__DESCRIPTION OF THE TASK__. Among the records below, find the line that has "Pembe bir ceket, bir"; from there, give the lines again exactly, and stop after the line that has "Couple,Near,Tow-truck,Picking,Up,Broken,Car".

__LISTED ENTRIES__.
┄┄┄┄┄┄┄┄┄┄

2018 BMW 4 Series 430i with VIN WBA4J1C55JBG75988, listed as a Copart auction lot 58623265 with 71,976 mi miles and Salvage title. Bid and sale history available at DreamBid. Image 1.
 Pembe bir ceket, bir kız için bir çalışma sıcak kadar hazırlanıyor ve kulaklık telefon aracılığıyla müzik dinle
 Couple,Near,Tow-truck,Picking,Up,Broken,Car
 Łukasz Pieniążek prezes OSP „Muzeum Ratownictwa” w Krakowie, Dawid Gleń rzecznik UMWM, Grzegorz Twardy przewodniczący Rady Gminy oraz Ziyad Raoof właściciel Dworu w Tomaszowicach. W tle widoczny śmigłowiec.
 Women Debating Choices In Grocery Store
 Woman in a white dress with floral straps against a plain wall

┄┄┄┄┄┄┄┄┄┄

__TASK RESPONSE__.
 Pembe bir ceket, bir kız için bir çalışma sıcak kadar hazırlanıyor ve kulaklık telefon aracılığıyla müzik dinle
 Couple,Near,Tow-truck,Picking,Up,Broken,Car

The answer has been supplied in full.